--- What you have to do ---
Only the text of the records below belongs in the answer, copied exactly, with pictures omitted.

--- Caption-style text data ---
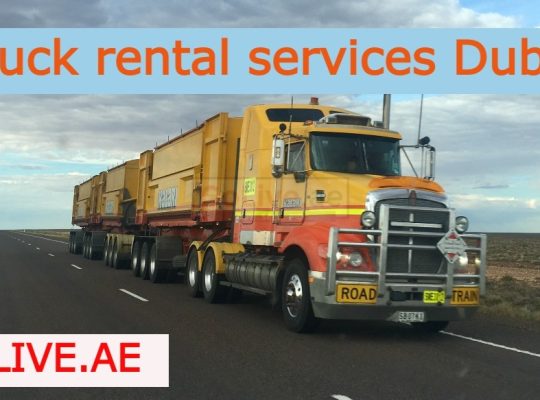 Truck rental services Dubai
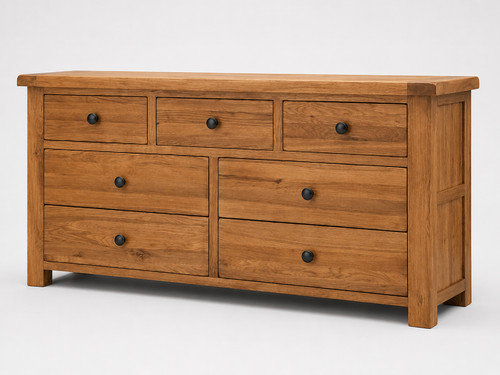Solid oak drawer - 7, chest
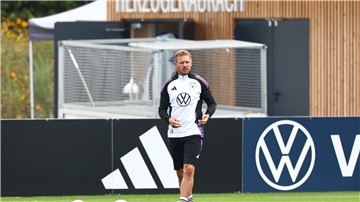 Julian Nagelsmann wird die Nationalspieler in Herzogenaurach auf die Nations-League-Endrunde vorbereiten.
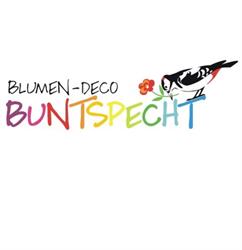 Blumen-Deco Buntspecht Tschan
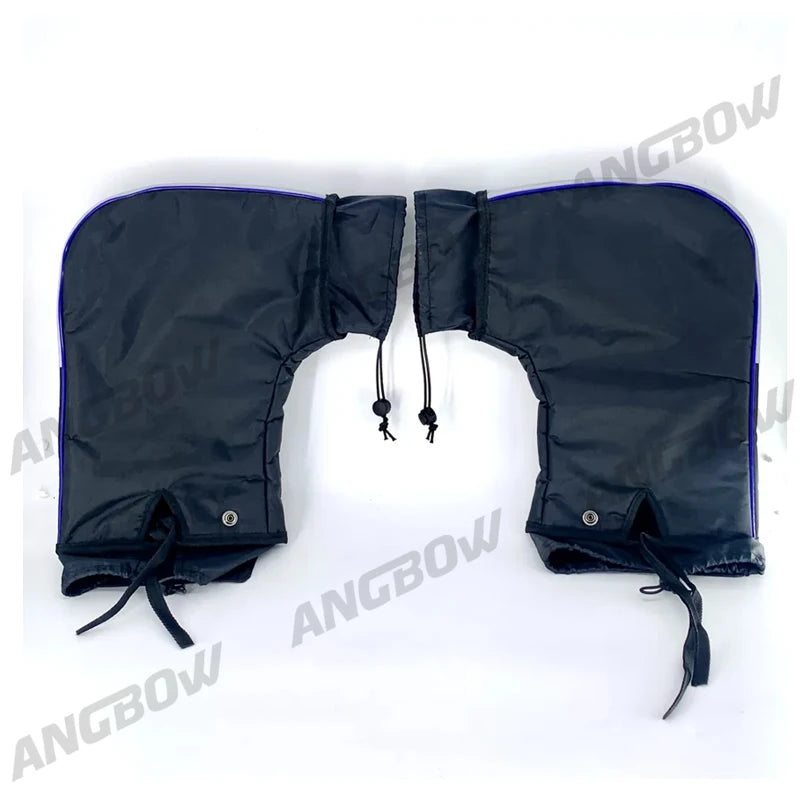 Winter Motorcycle Scooter Bike Winter Hand Warm Covers Gloves Windproof Thickening Lining Snowmobile Motorcycle Handlebar Muff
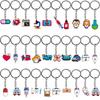 Medical & Nursing Series Cartoon Keychain - Soft PVC Rubber Pendant for Backpack Decoration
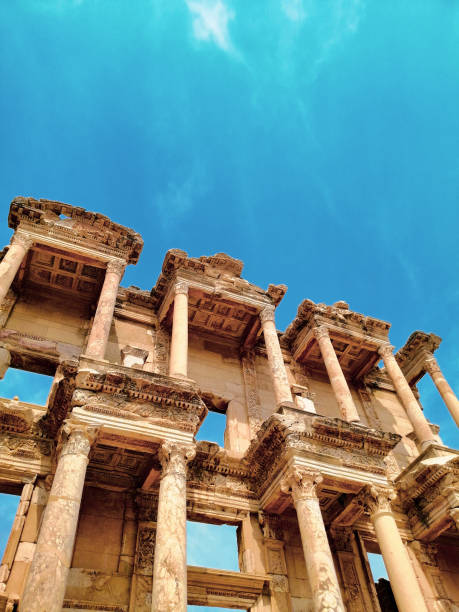 Library of Celsus The Library of Celsus is an ancient Roman building in Ephesus.
in Selçuk, İzmir, Turkey celsus library photos stock pictures, royalty-free photos & images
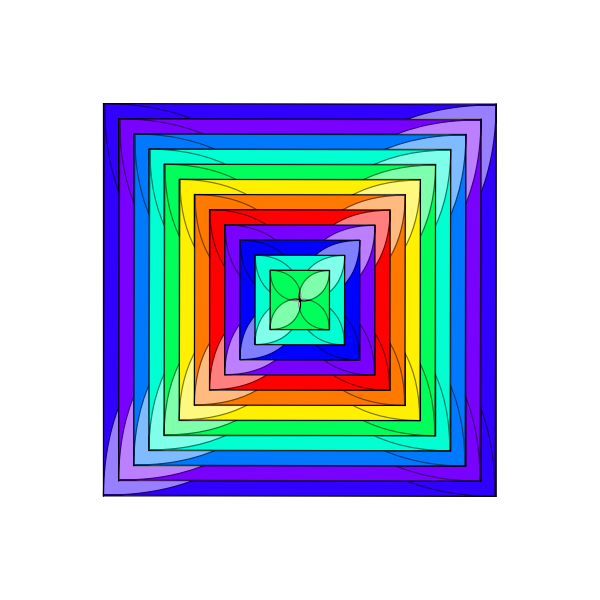 Vector illustration of multicolor square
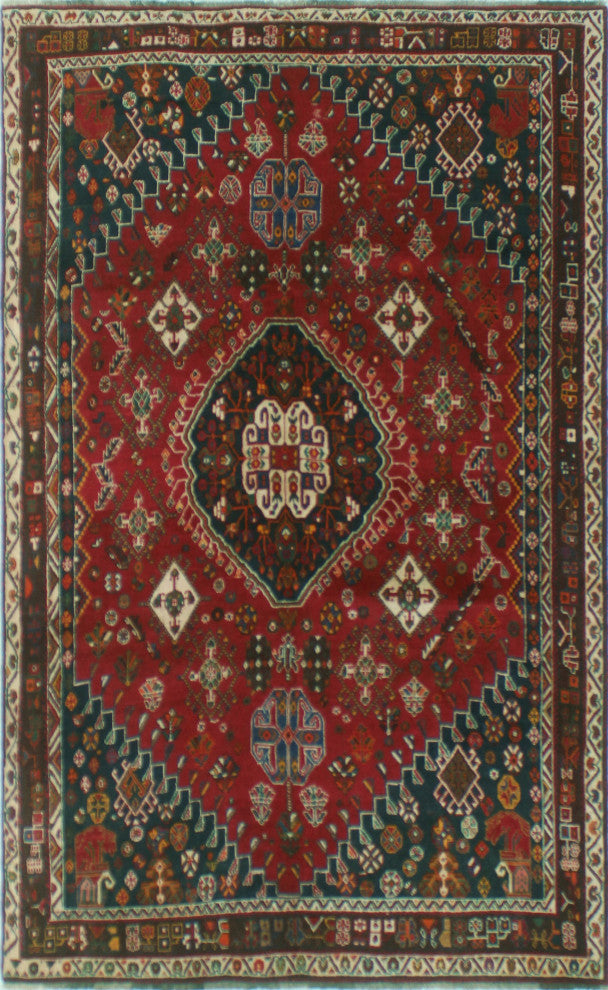 Fine Vintage Distressed Brylee Red Rug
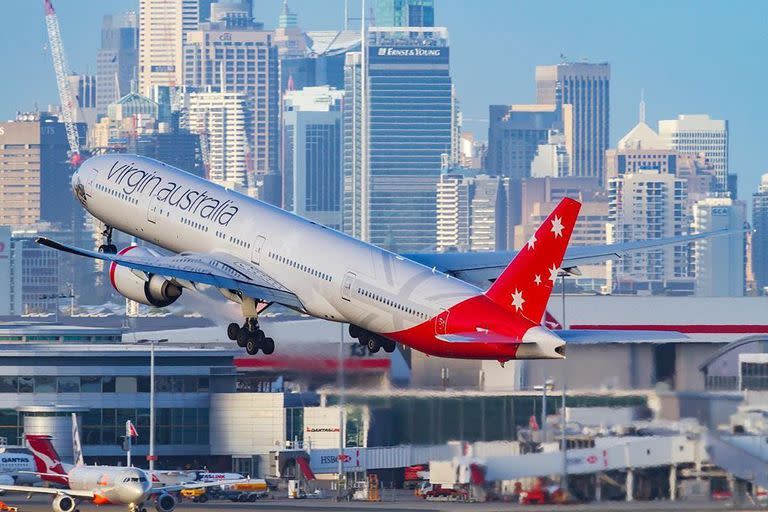 Virgin Australia lanzó esta campaña por el lanzamiento de una nueva plataforma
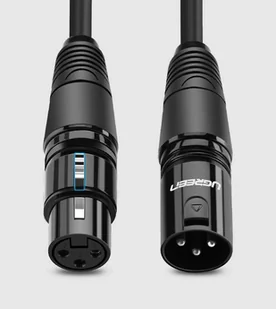 Ugreen przedłużacz kabel audio przewód mikrofonowy do mikrofonu XLR (żeński) - XLR (męski) 15 m (AV130) - Kable USB - miniaturka - grafika 2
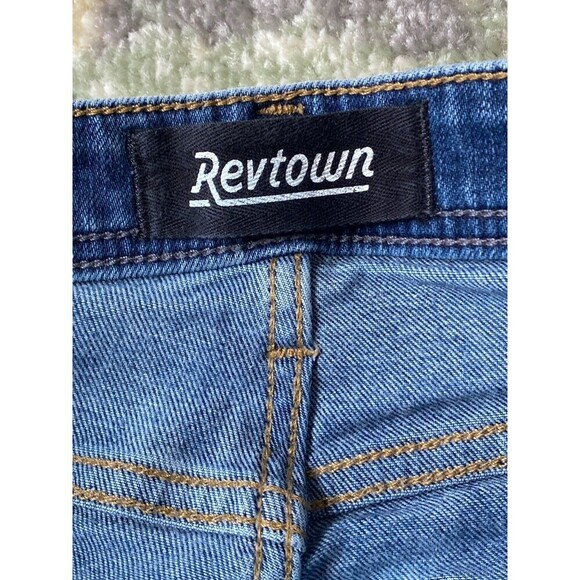 Revtown Automatic Jeans Men's 30 x 32 Dark Indigo Denim Straight - Picture 9 of 10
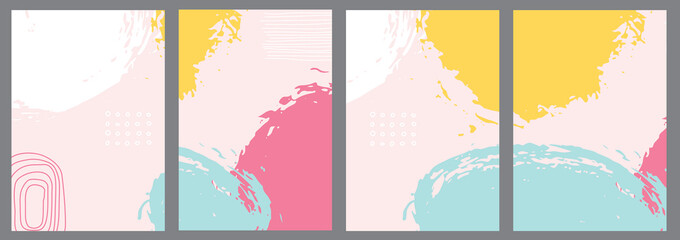 Wall Mural - abstract background. vector banner template for social media, website and business template presenta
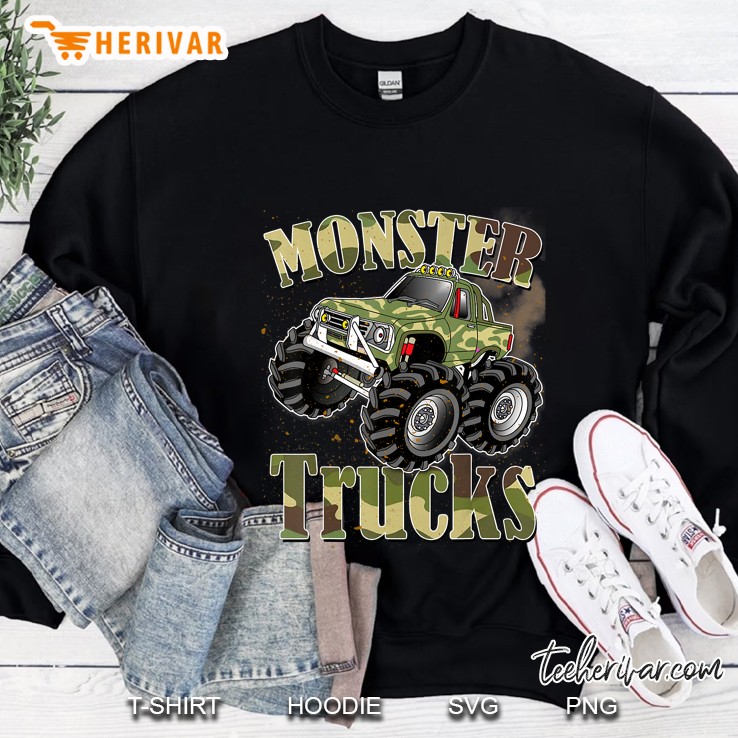 Monster Trucks Camouflage Version Sweatshirt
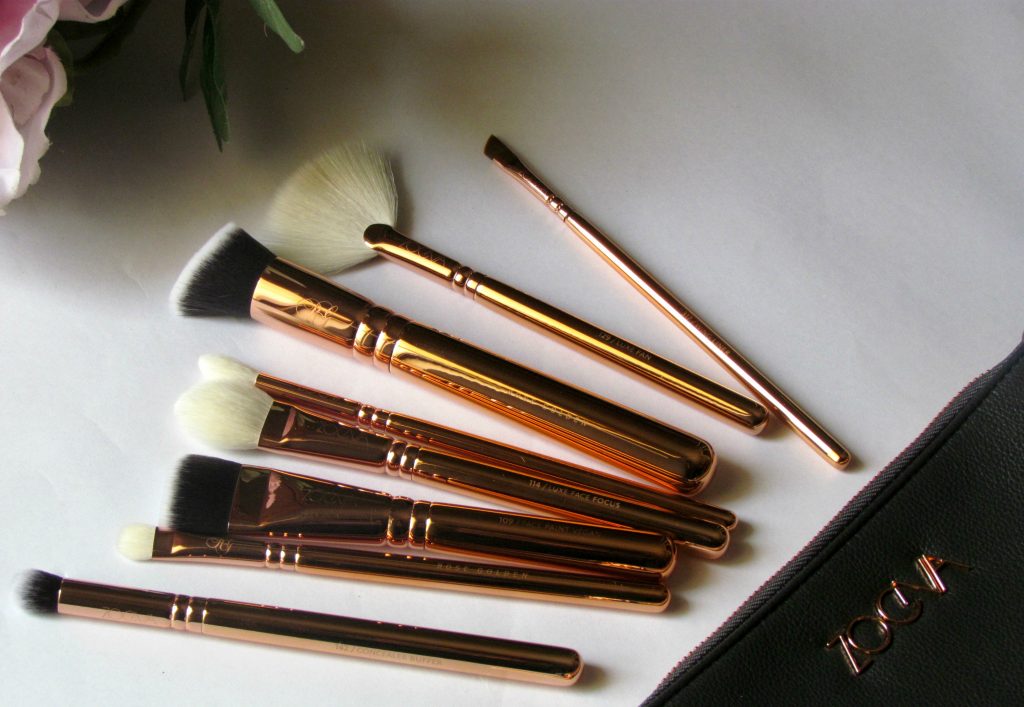 Zoeva rose golden vol 3 luxury brush set 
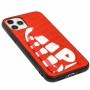 Чехол для iPhone 11 Pro Sneakers Brand sup красный / белый 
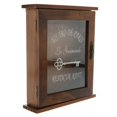 thumbnail image 1 of Pastoral Cabinet Holder Box Decorative Key Rack with 6 Hooks  21x6x25cm., 1 of 9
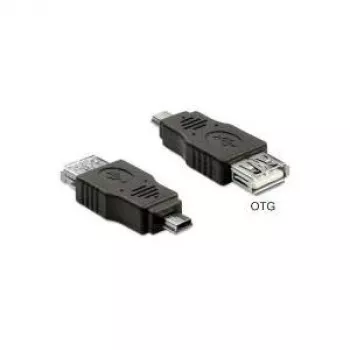 Delock 65399 OTG adaptér Mini-USB Type B (samec) na USB Type A (samica), čierny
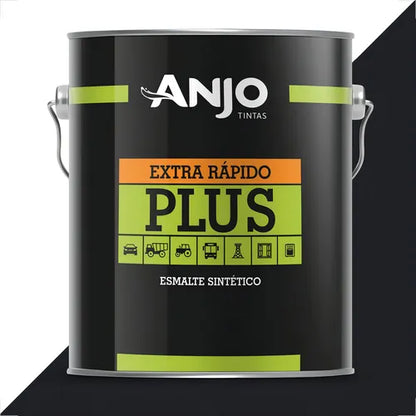 ESMALTE SINTÉTICO ANJO METALIZADO PRETO 3,6l
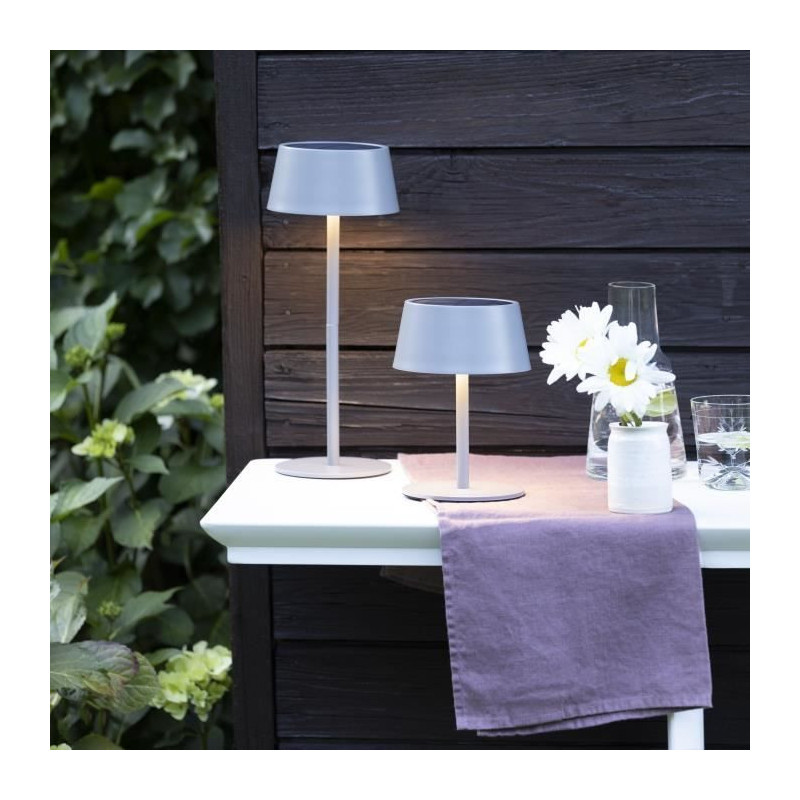 Outdoor table lamp - BRILLIANT - PICCO - LED and solar - Metal and pla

--- Exercise response ---
 Truck rental services Dubai
Solid oak drawer - 7, chest
 Julian Nagelsmann wird die Nationalspieler in Herzogenaurach auf die Nations-League-Endrunde vorbereiten.
 Blumen-Deco Buntspecht Tschan
 Winter Motorcycle Scooter Bike Winter Hand Warm Covers Gloves Windproof Thickening Lining Snowmobile Motorcycle Handlebar Muff
 Medical & Nursing Series Cartoon Keychain - Soft PVC Rubber Pendant for Backpack Decoration
 Library of Celsus The Library of Celsus is an ancient Roman building in Ephesus.
in Selçuk, İzmir, Turkey celsus library photos stock pictures, royalty-free photos & images
 Vector illustration of multicolor square
 Fine Vintage Distressed Brylee Red Rug
 Virgin Australia lanzó esta campaña por el lanzamiento de una nueva plataforma
 Ugreen przedłużacz kabel audio przewód mikrofonowy do mikrofonu XLR (żeński) - XLR (męski) 15 m (AV130) - Kable USB - miniaturka - grafika 2
 Revtown Automatic Jeans Men's 30 x 32 Dark Indigo Denim Straight - Picture 9 of 10
 Wall Mural - abstract background. vector banner template for social media, website and business template presenta
 Monster Trucks Camouflage Version Sweatshirt
 Zoeva rose golden vol 3 luxury brush set 
 Чехол для iPhone 11 Pro Sneakers Brand sup красный / белый 
 thumbnail image 1 of Pastoral Cabinet Holder Box Decorative Key Rack with 6 Hooks  21x6x25cm., 1 of 9
 Delock 65399 OTG adaptér Mini-USB Type B (samec) na USB Type A (samica), čierny
 ESMALTE SINTÉTICO ANJO METALIZADO PRETO 3,6l
 Outdoor table lamp - BRILLIANT - PICCO - LED and solar - Metal and pla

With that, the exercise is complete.